HOW TO USE YOUR BRAIN’S EXECUTIVE SKILLS TO KEEP UP, STAY CALM, AND GET ORGANIZED AT WORK AND AT HOME

Once you understand executive skills, both the array of skills encompassed by this term and how both strengths and weaknesses impact our ability to make it through the day, you will begin to understand better both how you operate and why you manage some tasks and responsibilities way better than others. And if you stop to consider the executive skills profiles of those you live and work with, their behavior will suddenly make a whole lot more sense to you as well. Our hope for the readers of this book is that you will carry away two things in particular. First of all, we hope to give you tools and strategies for improving whatever executive skill weaknesses you want to work on.

Recent brain research assures us that neuroplasticity (the idea that the brain can change over time and with targeted practice) continues throughout our lives, rather than ending sometime in childhood, as was initially believed. The bad news is that it takes more effort and sustained practice to change the brains of adults than is required to achieve the same result in children and teenagers. The good news is that if you want to tackle executive skill improvement, psychologists and other researchers have developed proven strategies to do this. Some of this research is complicated and dense (and makes for boring reading, to be honest). Our plan is to distill the research into practical procedures that you can take and apply to your own lives.

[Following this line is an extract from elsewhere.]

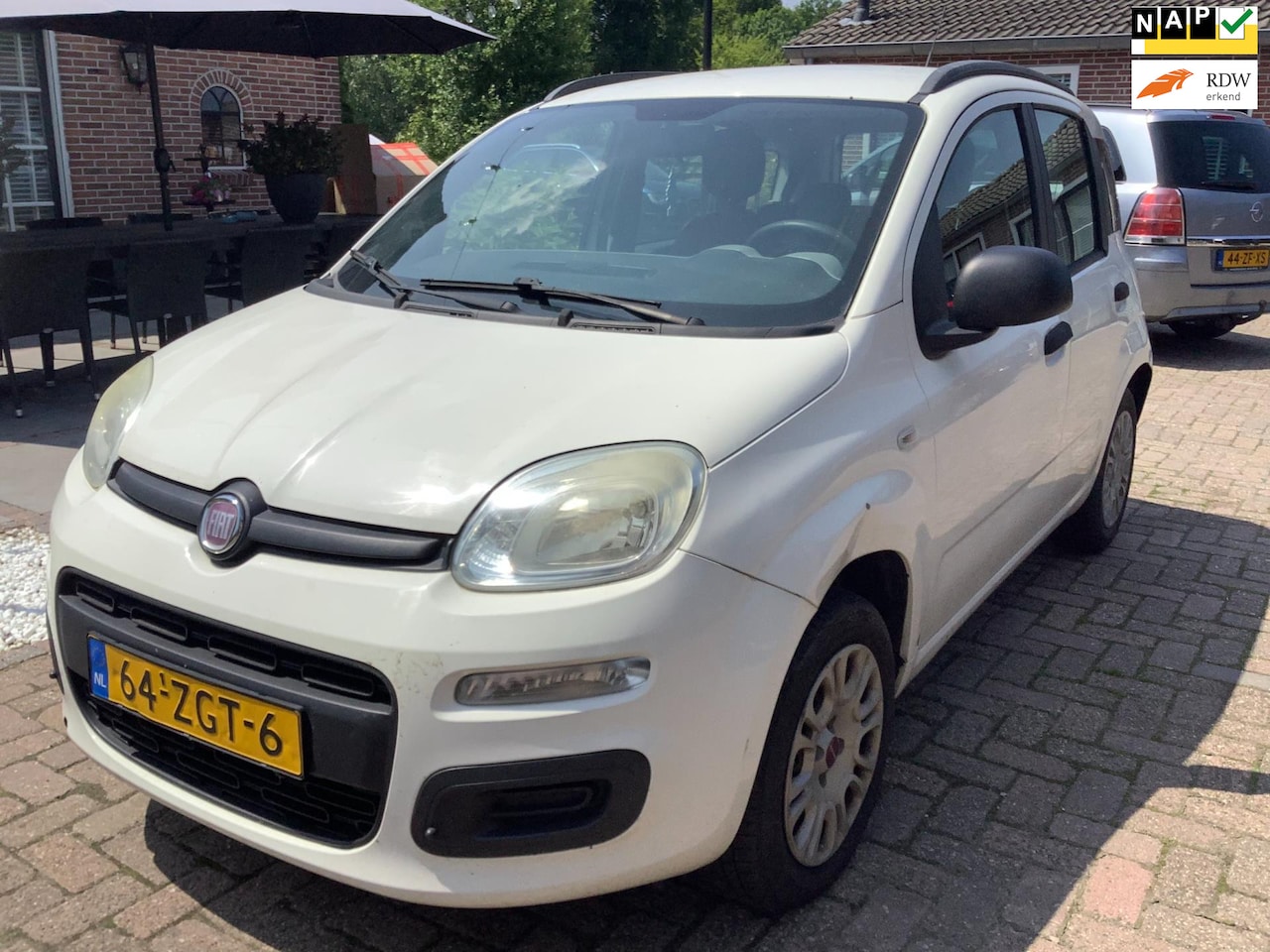 Fiat Panda - 0.9 TwinAir Easy 0.9 TwinAir Easy (let op advertentie tekst) - AutoWereld.nl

Second, we hope you will become more forgiving of yourselves and others for the evident executive skill weaknesses as well as more appreciative of your strengths and those of the people you live and work with—such as spouses or partners, children, and coworkers—and how those strengths can be used to compensate for weaknesses. Ideally, after reading this book, you will not only be able to use your own strengths to get around your weaknesses, but you may even be able to figure out how to tap into the strengths of others to make up for your weaknesses. (Admittedly, this works best when you can offer up your strengths to help those around you work around their weaknesses, because it feels more like a two-way street than a one-way “mooch.”)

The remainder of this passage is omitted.